Au Kenya, un village est interdit aux hommes. Uniquement réservé aux femmes.
Cela fait 35 ans que c’est le cas. Et la moitié de la population y vit des jours paisibles.
Loin de violences systématiques redoutées, violences que pour beaucoup ses citoyennes ont subies par le passé. C’est Arte qui consacre un documentaire nécessaire et exceptionnel à ce village. Umoja, le village sans hommes, en guise d’intitulé, car c’est bien du village d’Umoja qu’il s’agit, trop méconnu, et pourtant, historique. On connaît des villages, tribus, clans ou communautés indépendantes qui se basent sur ce principe de "non-mixité", mais ils sont beaucoup trop peu documentés. Et le sujet mérite qu'on s'y attarde. D'où l'importance de ce village saisi par les caméras.

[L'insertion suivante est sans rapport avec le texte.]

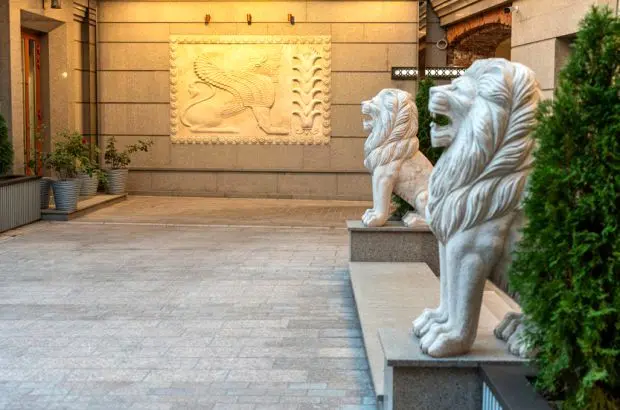 دیپلماسی اقتصادی دولت؛ صدور مجوز افتتاح اولین شعبه بانک روسی در ایران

Ses villageoises y sont interrogées et expliquent pourquoi les mecs n’ont pas le droit de cité. Matriarcat ? Oui, et alors ? Elles ont en vérité de très bonnes raisons de privilégier les “réunions en non-mixité” au quotidien. On vous raconte.
Haine anti-hommes ?
Non, pas ce genre d’appellations qui ferait rugir certaines rédactions de chaînes d’infos en continu à Umoja, mais simplement des mesures pour protéger les femmes des violences sexistes et sexuelles. Pour ne pas dire : patriarcales. Une villageoise s’exprime dans le documentaire d’Arte à ce propos et c'est édifiant : “Les hommes de notre peuple, du peuple samburu, sont violents et c’est pourquoi nous ne vivons qu’entre femmes. Les veuves et les femmes qui ont été répudiées sont venues vivre ici, se réfugier”.
Ce documentaire d’Arte à visionner sur le site de la chaîne détaille en voix off : “Les hommes du peuple samburu ont établi des règles précises, ils règnent en maîtres, mangent en premier, peuvent battre leurs épouses librement”. Ambiance. On a là l’envergure d’un patriarcat en bonne et due forme. Pas étonnant que les femmes fuient. Comme toujours, d'aucuns parleraient de misogynie inversée, alors qu'il s'agit tout simplement de lutter contre les féminicides. “Les femmes y sont oppressées et c’est pour cela qu’elles exigent leur liberté”.
Entre autres détails, n’est-ce pas. L’excision par exemple est l’un des fléaux combattus par ces femmes. Une “tradition”, mot bien euphémisant pour désigner un tel acte, qui fait loi chez le peuple kényan évoqué ci-dessus. Violences conjugales et agressions y sont banalisées. Comme toujours, c'est le plus jeune possible que les femmes y subissent des outrages. On ne parle même pas ici de "culture du viol" mais l'on se doute que la banalisation des crimes sexuels y est constatée. Il suffit de lire ce que ces citoyennes racontent entre les lignes.
De fait, face à la misogynie, instituée, leur village devient une révolte. Et une nécessité totale. C'est ce que met en lumière l'une des interlocutrices. Elle affirme que cette communauté nous pousse à réfléchir sur le fonctionnement de notre propre société occidentale. Pourquoi avoir fait du patriarcat une évidence ? Comment réfléchir à des modes de vie alternatifs ? Quelle est la meilleure façon de prendre en considération les victimes et les opprimés ? Autant d'interrogations qui rappellent combien les enjeux genrés sont des enjeux humains.